Moment très attendu, Rahma Bourquia est revenue sur les moments clés de son parcours de socio-anthropologue et nous a livré une lecture rétrospective très lucide sur l'évolution de la société marocaine.

La chercheuse a mis l'accent sur les grandes thématiques de son travail de recherche et de publication, qu'elle a regroupées en 6 catégories :

1- L'État et le pouvoir de la culture politique.

2- Les femmes et les rapports de genre.

3- Les jeunes.

4- Les valeurs, les rituels et les représentations culturelles.

5- L'éducation, l'enseignement et l'enseignement supérieur.

6- Les phénomènes liés à la mobilité, la globalité et l'ère numérique.

La thèse, étape fondatrice

La chercheuse a rappelé que généralement, le champ de réflexion choisi au départ est souvent celui de la thèse. "Il représente l'entrée en matière, à la fois pour la formation et pour le projet de recherche qui se développe au-delà de la thèse. C'est ainsi que la thèse est une étape fondatrice du projet de vie du chercheur.
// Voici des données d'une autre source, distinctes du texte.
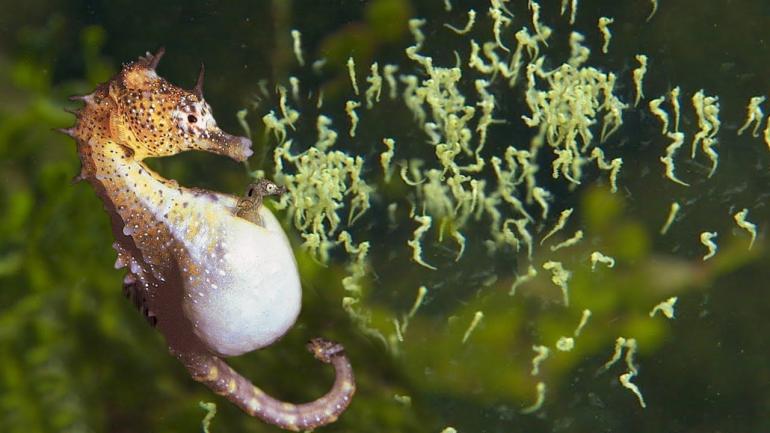 Sang Pejantanlah yang Melahirkan Bayi Kuda Laut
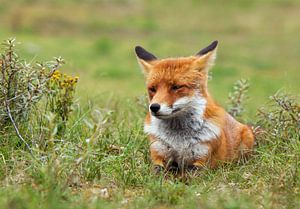 Chilling fox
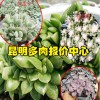 紅梅整樁無砍頭價(jià)格230.2018.10_昆明多肉報(bào)價(jià)中心
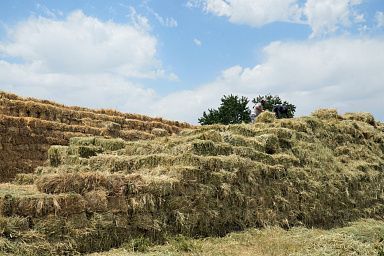 В Дагестане заготовлено более 1,2 млн тонн грубых кормов для скота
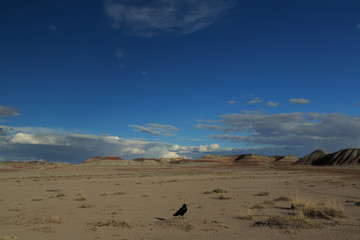 Black Crow at Petrified Forest National Park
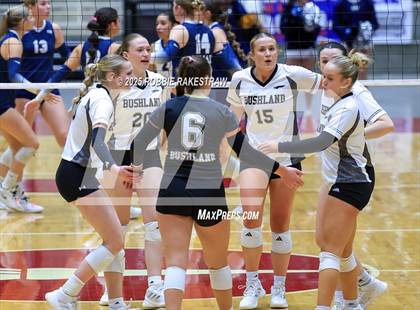 Thumbnail 2 in Bushland vs. Goliad (UIL 3A D1 Volleyball Final) photogallery.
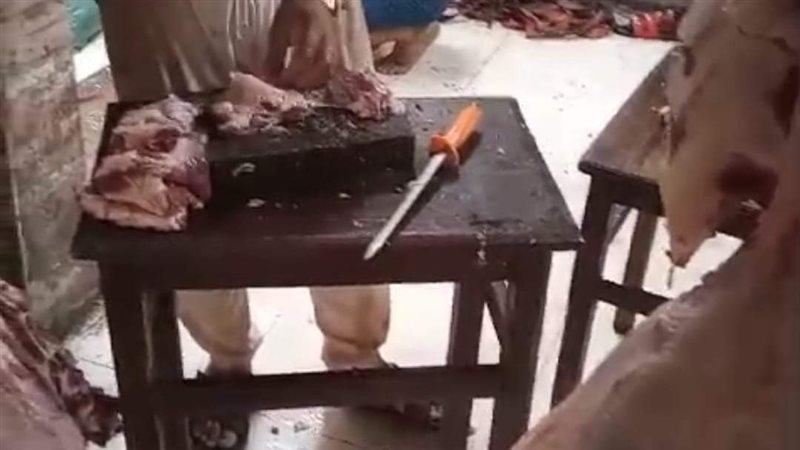 الإسكندرية، فيتو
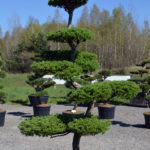 1211 - Modř&iacute;n japonsk&yacute; - Larix kaempferi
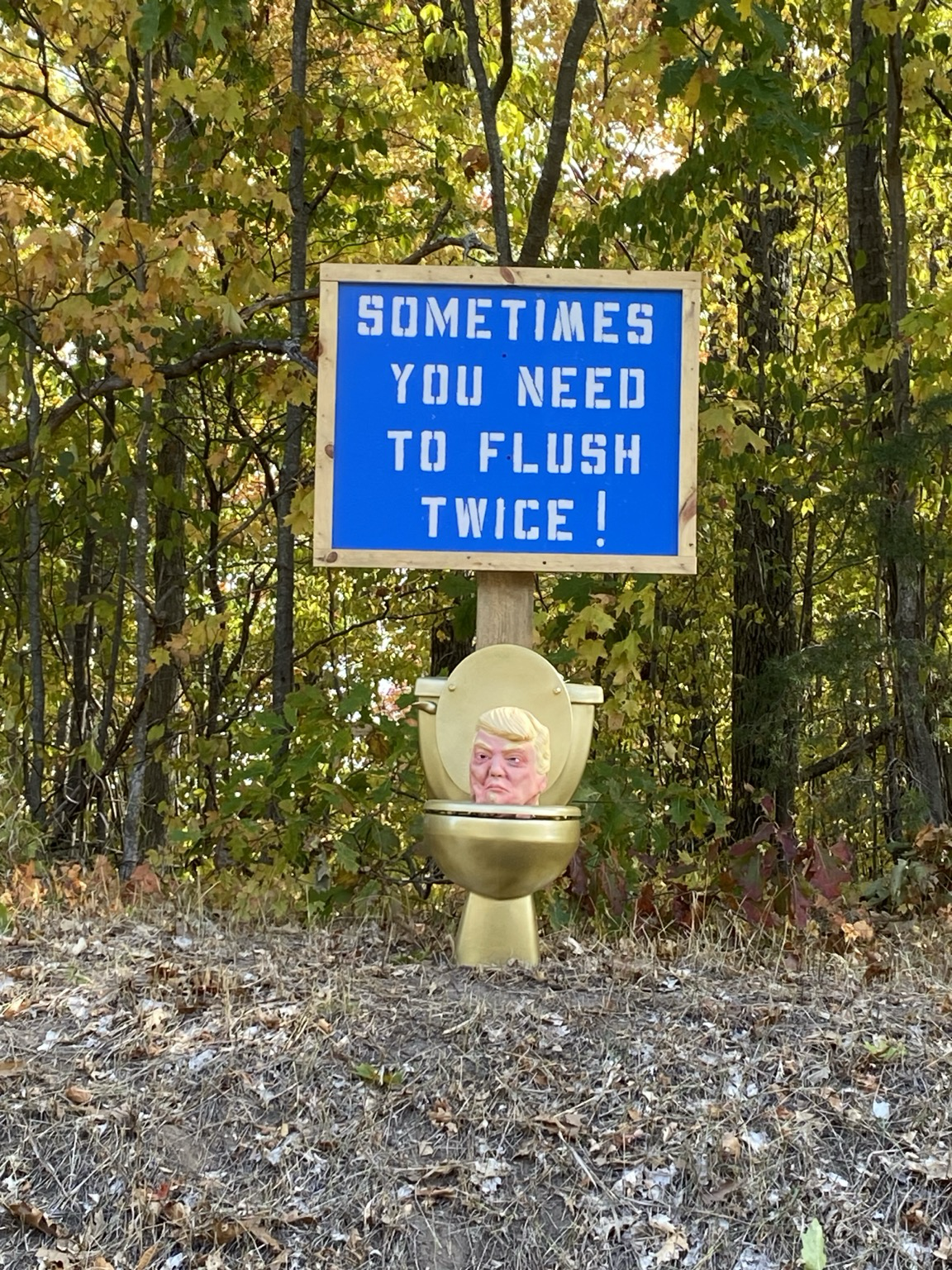 A Trump head in a golden toilet with a sign that says “Sometimes you have to flush twice.”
Si le choix de la thèse est inapproprié, le diplôme de doctorat devient un gagne-pain et non pas un moyen de faire de la recherche."

Rahma Bourquia est ainsi revenue sur le sujet de sa thèse, intitulée "L'Etat et les tribus Zemmour et Zayane aux XIXe-XXe siècles" et soutenue à l'Université de Manchester. "Mon travail de thèse m'a amenée à penser que le pouvoir se situe certes au niveau de l'État, mais pas uniquement, dans la mesure où il est ailleurs, ce qui nous pousse à nous poser des questions sur la façon dont fonctionne le pouvoir et quels sont ces lieux."

Cette réflexion l'a menée à la conclusion que le pouvoir n'est pas uniquement politique, mais se loge aussi dans la culture, les représentations culturelles, sociales, collectives, dans les valeurs culturelles, dans les symboles, les rituels qui forgent les rapports entre les individus et les rapports sociaux. "Ces ramifications dont dispose le pouvoir font que les personnes l'acceptent, y adhèrent, et ne montrent face à lui aucune résistance."

Rahma Bourqia a rappelé qu'elle a avait appartenu à une génération de jeunes enseignants qui, au début de leurs recherches, se sont trouvé avec des courants théoriques en vogue comme les théories marxistes et les courants qui les ont révisées, ainsi qu'avec le structuralisme. "On a été imprégnés par des écrits de philosophes comme Michel Foucault et son approche du pouvoir qui, selon lui, fonctionne à notre insu, mais aussi Deleuze et Gattari, qui voient le pouvoir comme un lierre qui rampe partout. Il y avait aussi les idées de Pierre Bourdieu, qui parlait des pouvoirs et ses symboles". Licenciée en philosophie, la socio-anthropologue se retournait vers la lecture des philosophes pour se rafraîchir l'esprit.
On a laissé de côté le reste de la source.